[a moment] can be worth everything

[moment 141]

She talks about the inevitable - when the remnants of her life will be auctioned, sold, or thrown away; when the house her husband built will be torn down to make room for something new for a total stranger. She speaks of all the possessions she will leave behind.

What she can't possibly get a firm grasp on are the memories, the joys, the love that is her legacy. She will leave behind children and grandchildren and great grandchildren who carry pieces of her within them, and who will pass on her memory through stories and traditions and the living out of the most precious pieces of the gift that has always, simply, been her. 
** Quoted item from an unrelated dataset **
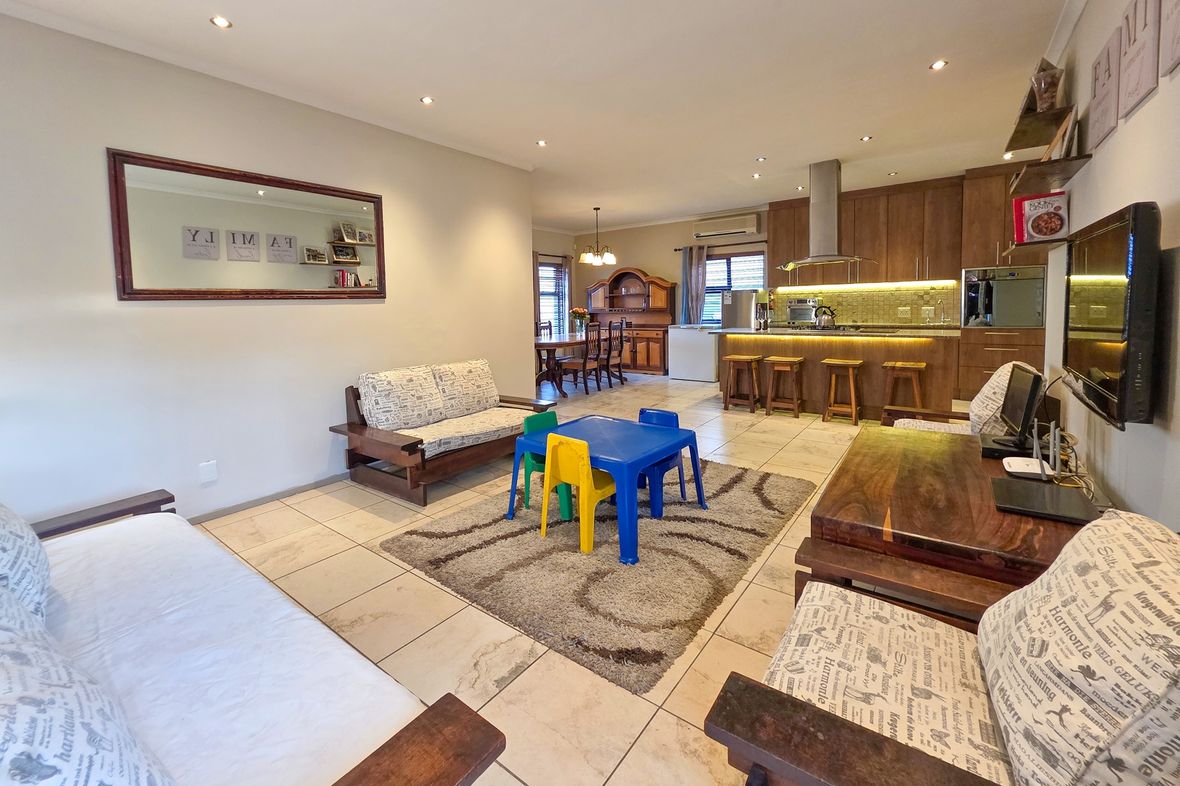 Zonnendal, South Africa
I wasn't born into this family, but feel as if I spent part of my childhood right alongside her grandchildren, fishing from her pier, because of all the vivid tales of fishing and crabbing and summer days spent at Pop and Grandma Jean's that I've heard from my husband's Maryland family. 

We recently got to pay a short visit to GG, and although our visit lasted only a few hours, decades of memories flooded in at every sight and sound. It had been ten years since our last visit - much too long - our summer vacations shifting from Vacation Bible School in Pennsylvania and fishing at Pop and GG's to Lutheran Summer Camp in New Hampshire for our children and ourselves. Ten years, yet our children remember so much about our time spent in Maryland - the sandbox, the swing, Pop's pigeons, the hammock, the duck protecting her nest that one year. They recall trips to Baltimore to go to the Science Center and Aquarium and coming back "home" afterwards to empty the crab traps and eat a dinner of crabs, spread out on newspapers on the dining table, the scent of Old Bay sticking to our fingers even after a good washing.

She talks about the inevitable - about things of value, of worth... but invaluable are the memories and love that are her legacy.